Goal of the exercise: Skip every picture and copy only the lines from the one containing "Dining Chair In" to the final line of the records below.

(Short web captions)

:::

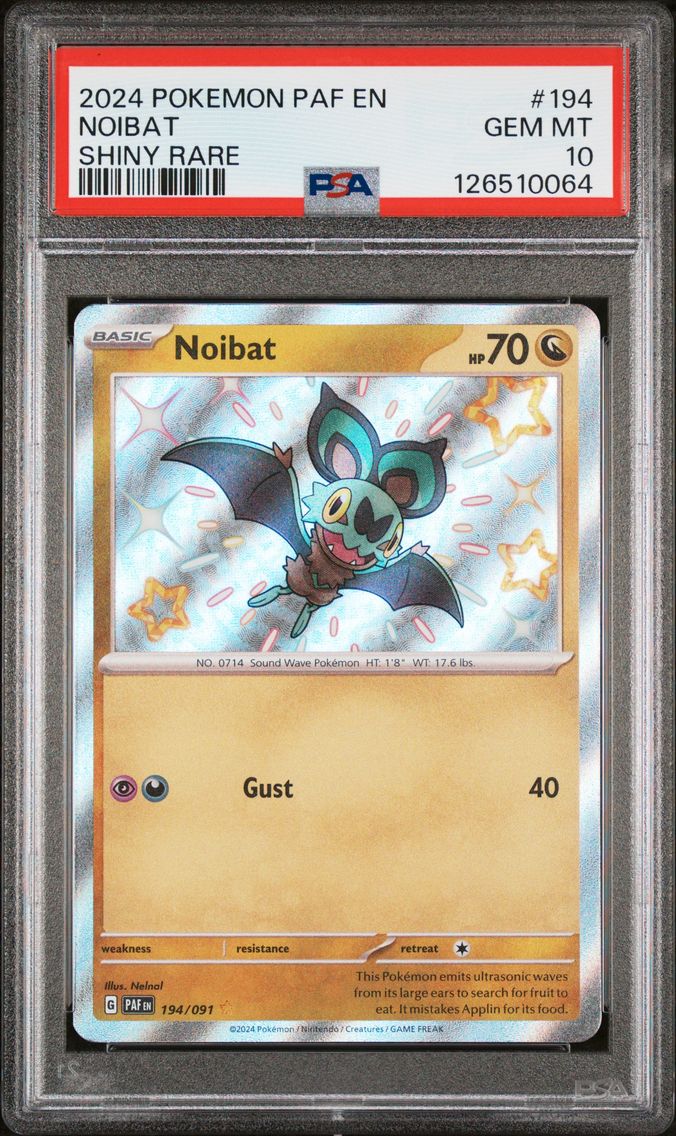 2024 #194 Noibat PSA 10 Paf EN-Paldean Fates Pokemon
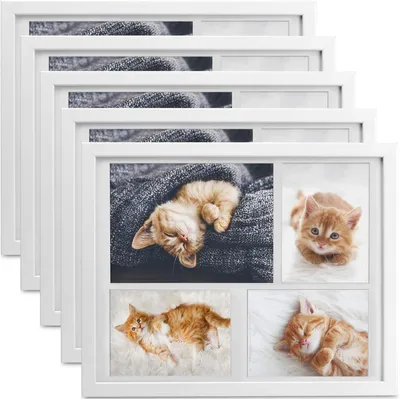 Immagine prodotto di Bomoe 5x cornici per foto 10x15 cm e 15x21 cm per 4 foto, bianco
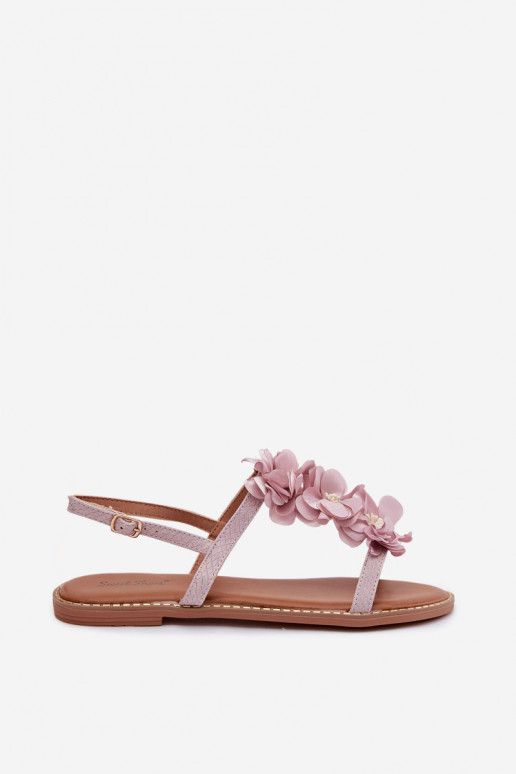 Flache Sandalen für Damen Mit Dekorationeni mit floralen Motivenkami Violette Farbe Noemia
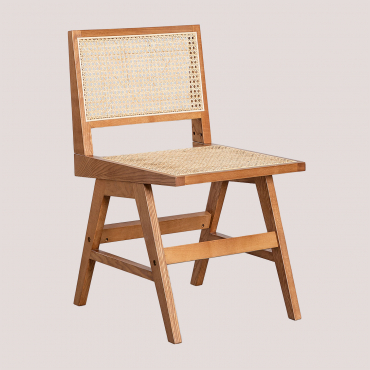 Dining Chair In Ash Wood And Rattan Lali Brown Ash - Sklum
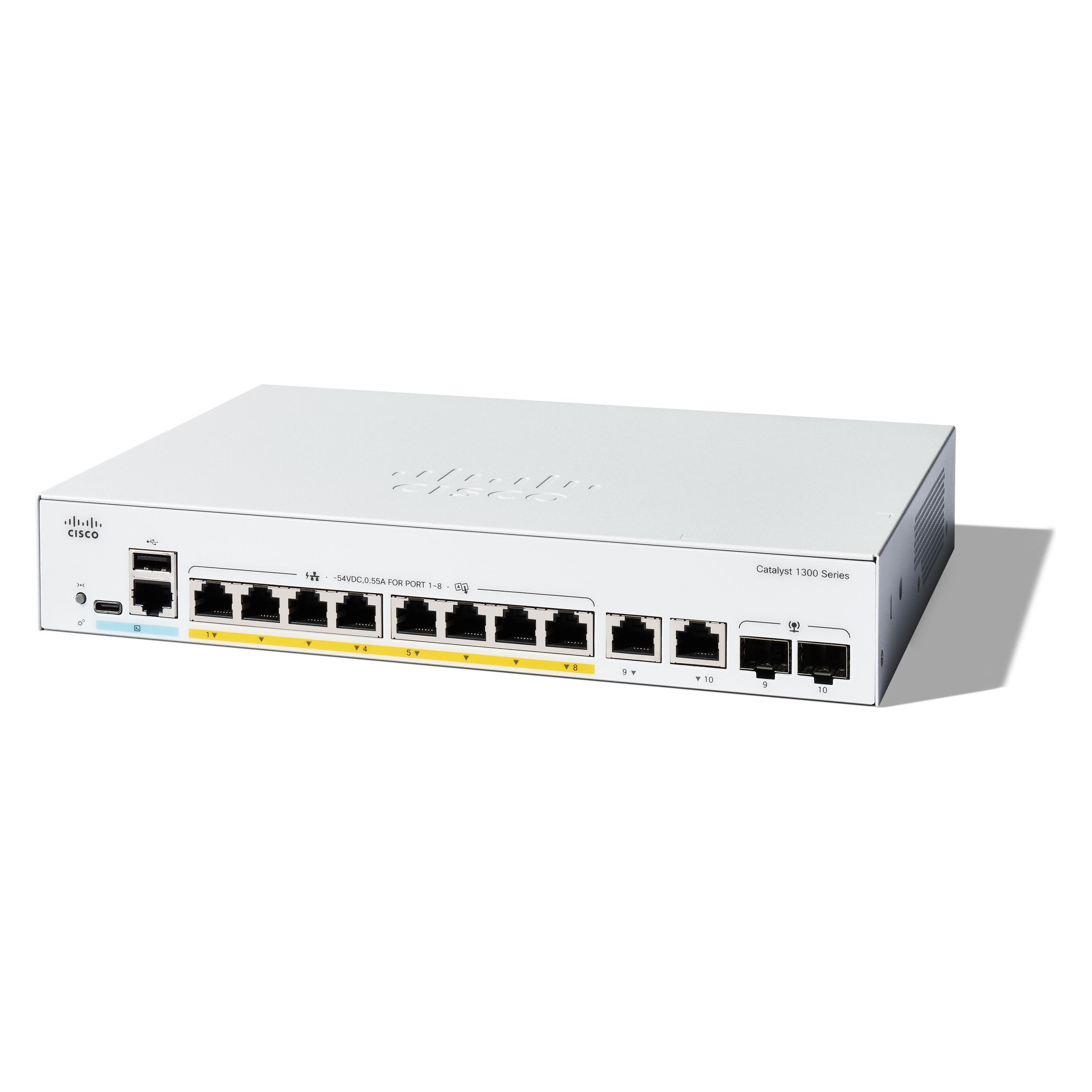 Cisco CATALYST 1300 8-PORT GE FULL (10 Ports) (C1300-8FP-2G)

:::

Answer space:
 Dining Chair In Ash Wood And Rattan Lali Brown Ash - Sklum
 Cisco CATALYST 1300 8-PORT GE FULL (10 Ports) (C1300-8FP-2G)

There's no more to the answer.